While there are times when you want to believe that things will remain as they are, life does change, and circumstances do change. 

Fear instinct 

This is another survival instinct. Like the negativity instinct, the fear instinct is one’s tendency to pay attention to the fearful and frightening things. We are programmed to identify threats and dangers, however, this very instinct — which helped our forefathers understand if the rustle in the bushes was a snake — can today make us exaggerate our negative perceptions. 

If left unchecked, it can significantly cloud your decision-making, judgment and everything that may seem more dangerous and scarier. As founders, you would need to take risks that are calculated. One can never fully eliminate the risk, but if you end up being fearful after taking the plunge, you may end up miscalculating several things. 

Size instinct 

This pertains to looking at something or perceiving something bigger than what it actually is, especially when the numbers or the data is isolated. Often, fragmented evidence can lead one to inaccuracy in understanding a problem and even push towards misallocation of resources. However, this can be countered by comparing and dividing the data. 

Generalisation instinct 

This helps the brain to categorise and generalise situations around us. It makes one susceptible to missing out on differences and finer points. Like the ‘gap instinct’, the generalisation instinct makes us divide everything into 0s and 1s to understand them better. 

One can break this by questioning the different choices and categories, and try to see the differences. 

Destiny instinct 

Like the straight line instinct, this makes us see past characteristics and determine people, events, groups, and cultures, and makes us believe that they are ‘destined’ to remain the same. The authors explain that if you look closely at history, small changes are compounded with time, individual changes seem immediate, and group dynamics and changes may take longer.

Single perspective 

This is the brain’s tendency to see simple explanations and solutions, and at the same time, blind-siding complexities and different perspectives. We tend to be in favour of or against a certain idea that doesn’t fit our perspective. Reality sometimes is different, which is why it is important to test out your favourite ideas and see if you can see the gaps as others do.

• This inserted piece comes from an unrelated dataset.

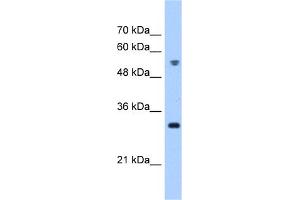 WB Suggested Anti-TTC5 Antibody Titration:  0. (TTC5 anticorps  (C-Term))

Be willing to take in new information from different fields. Avoid blind-spots by taking different perspectives. The best solutions cannot be created without taking other perspectives into account. 

Blame instinct 

‘The easy way out’ is to find a simple and clear reason why some bad things happened. We have a tendency to look for guilty parties to blame for one’s problem. The authors say, “We like to believe that things happen because someone wanted them to, that individuals have power and agency: otherwise, the world feels unpredictable, confusing, and frightening.”

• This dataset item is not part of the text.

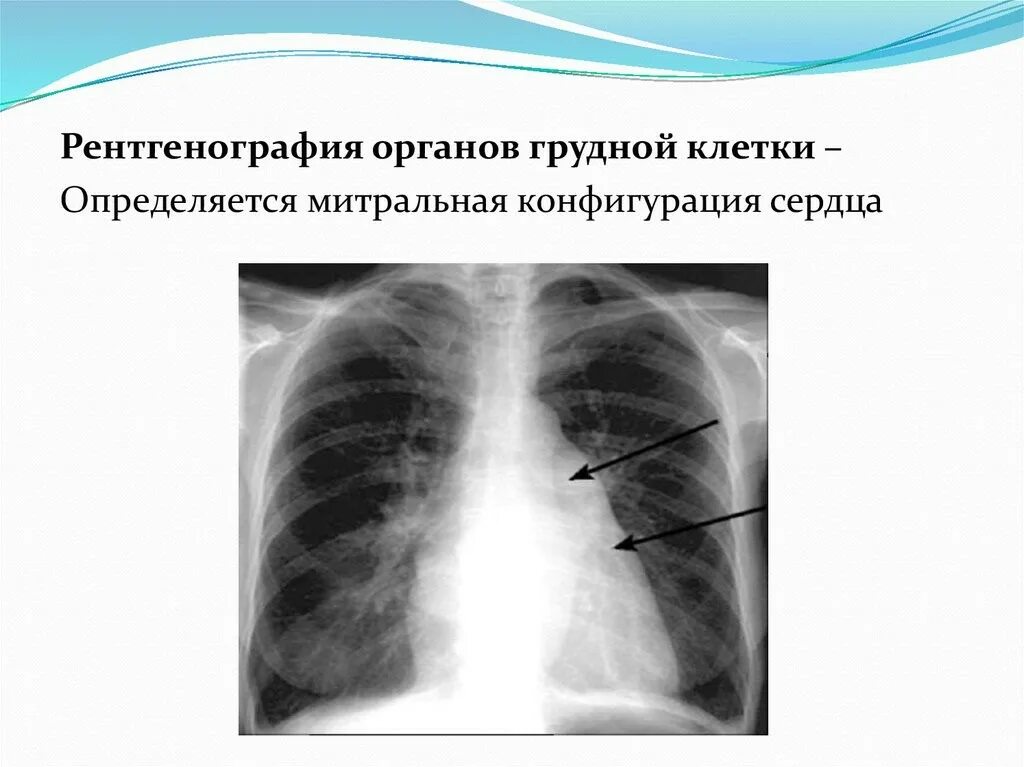 Рентгенограмма грудной клетки в косой проекции. Митральный стеноз рентгенография сердца. Стеноз грудной клетки. Рентгенография органов грудной клетки при аортальном стенозе. Аортальный стеноз рентген.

There is an instinct to divide the world into heroes and villains. Turn that into looking for the cause and systems that support growth. 

Urgency instinct 

The need to take immediate action in response to a threat or danger is classified as urgency instinct. While taking that action on an oncoming physical danger is helpful, the modern world has more complex dangers. While urgency is helpful, it can also increase our reactions, make us prone to mistakes and cloud our judgement. Think analytically, look at data and what needs to be done in a more holistic way.